The Wonder, 2022.
Directed by Sebastián Lelio.
Starring Florence Pugh, Kíla Lord Cassidy, Tom Burke, Niamh Algar, Elaine Cassidy, Toby Jones, Ciarán Hinds, Dermot Crowley, Caolan Byrne, Brían F. O’Byrne, Josie Walker, and David Wilmot.
A tale of two strangers who transform each other’s lives, a psychological thriller, and a story of love pitted against evil.
It’s practically impossible to begin discussing The Wonder without mentioning its enigmatic opening, which begins on a soundstage rather than in the Irish Midlands in 1862. There is voiceover narration explaining that while this is a work of fiction, the characters are devoted to their beliefs and that storytelling is essential. Throughout this, cinematographer Ari Wegner’s camera gracefully rotates and zooms into the inside of a set, so director Sebastián Lelio’s film (co-written alongside Alice Birch and author of the novel of the same name, Emma Donoghue, responsible for Room which Lenny Abrahamson adapted into an emotional powerhouse that ranks among the 2010s greatest cinematic achievements) can properly begin.
This framing device, while initially confounding, quickly starts to make sense once Sebastián Lelio introduces the titular wonder, 11-year-old Anna (a devastating breakthrough turn from newcomer Kíla Lord Cassidy), a girl reported by the religious town to have survived for four months so far without food. As such, English nurse Lib Wright (a layered turn from Florence Pugh navigating grief, moral outrage, and solution-searching) is called in alongside Sister Michael (Josie Walker) to investigate the claims.

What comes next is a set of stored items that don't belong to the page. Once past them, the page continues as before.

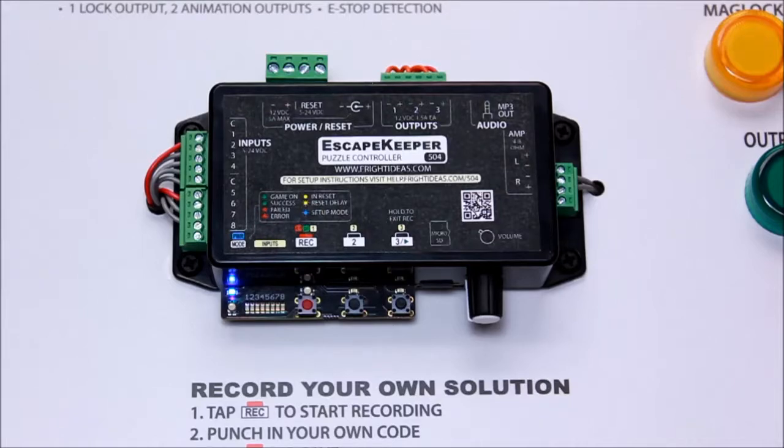I'm going to walk through the initial setup for the input sequence and Morse code puzzle modes. It would be a good idea to have your quick start guide or manual next to you so you can follow along with the setup steps.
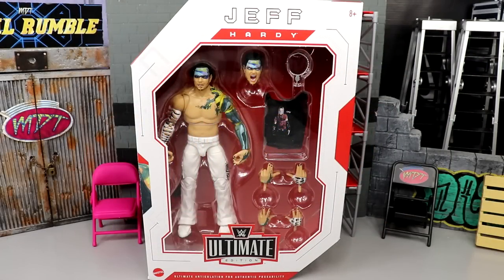Welcome back to another MD Toys video. Today we're back with a brand new WWE Ultimate Edition review — the WWE Ultimate Edition Series 14 Jeff Hardy figure. This is our second ultimate Jeff Hardy figure from Mattel, and it's likely our last one unless he signs with WWE or comes back at a later date. Jeff Hardy is one of my favorites of all time, so there's that.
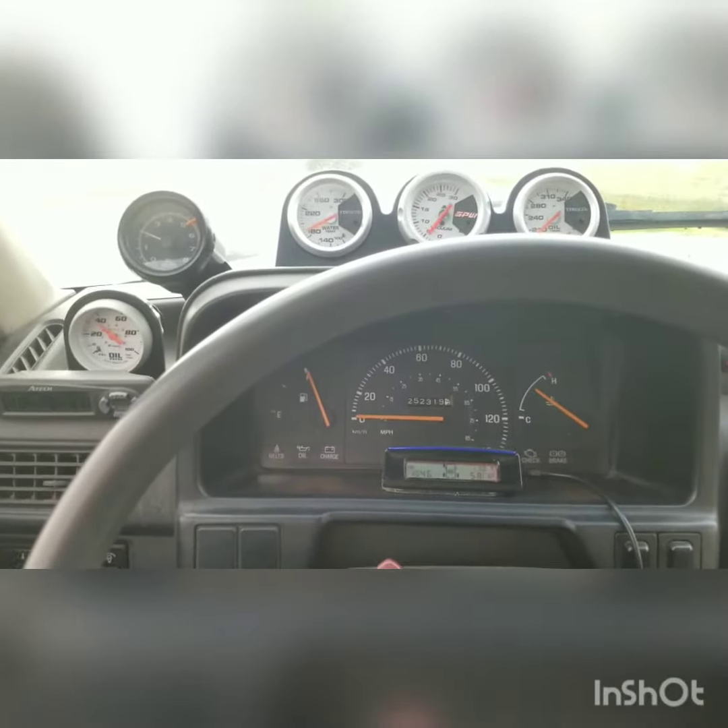I took 400 pounds out just so it was easier to tow on the way home. I thought I'd show you guys how the B6 reacts to a 3,000 pound trailer. Better get the seat belt on just in case.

Keeping in line with the idiosyncratic introduction, the presence of a nurse and nun somewhat pits science and religion against one another while playing off the mystery of what to believe and how viewers should approach such implausible plot devices. As much as I hate using this word, it mostly amounts to pretentious nonsense, only working in regards to not knowing whether or not Anna’s family is telling the truth or playing games for ulterior motives. There’s also a journalist reporting on the findings (Tom Burke) also with a sad past (relating to Black ’47, otherwise known as the Great Hunger) that, once revealed to Lib, instantaneously creates an emotional and sexual connection, one that feels rushed and also doesn’t add much to the bigger picture.
Odile Dicks-Mireaux also seems to be having some cheeky fun with the costume design, with Lib adorning a blue outfit that draws a comparison to Alice in Wonderland, as does Matthew Herbert constructing haunting and ethereal music. Whether or not this is actually Wonderland is up for the viewer to find out, but it should be noted that Sebastián Lelio largely averts traditional thriller constructs to focus on the characters, their suffering with empathy, and the horrible pain unreasonable religious beliefs inflict on one another.
Florence Pugh is reliably outstanding, so it’s no surprise that she finds the humanity and inner conflict dedicated to Lib’s conviction that something is amiss, much like Kíla Lord Cassidy believably sells Anna’s religious devotion and the ongoing miracle. But Kíla Lord Cassidy momentarily one-ups Florence Pugh with a heartbreaking monologue detailing the alarming reasoning behind her extended fasting. The acting from all involved and explored themes convincing enough to overlook questions like “why is Lib so fixated on catching Anna eating something instead of frequently checking the bathroom results.”
From there, The Wonder becomes a story about doing the right thing in a village where no one will believe Lib’s findings, let alone do what’s best for Anna. The committee is a men’s talking (out their asses) group comprised of notable character actors such as Toby Jones and Ciarán Hinds that are more concerned with how they can benefit from all this, whether the answer is grounded in scientific discovery or a proven religious miracle.
There’s much to be desired from the thrown-together romantic subplot and hasty resolution, but there’s a cumulative emotional response and outrage over the truth, anchored by compelling performances and juxtaposed character dynamics. It’s enough to overcome the cringe artsy bookends. One wonders what a stronger script stripped of such pretension would have looked like, but The Wonder is an otherwise moving tale with a must-see debut performance from Kíla Lord Cassidy.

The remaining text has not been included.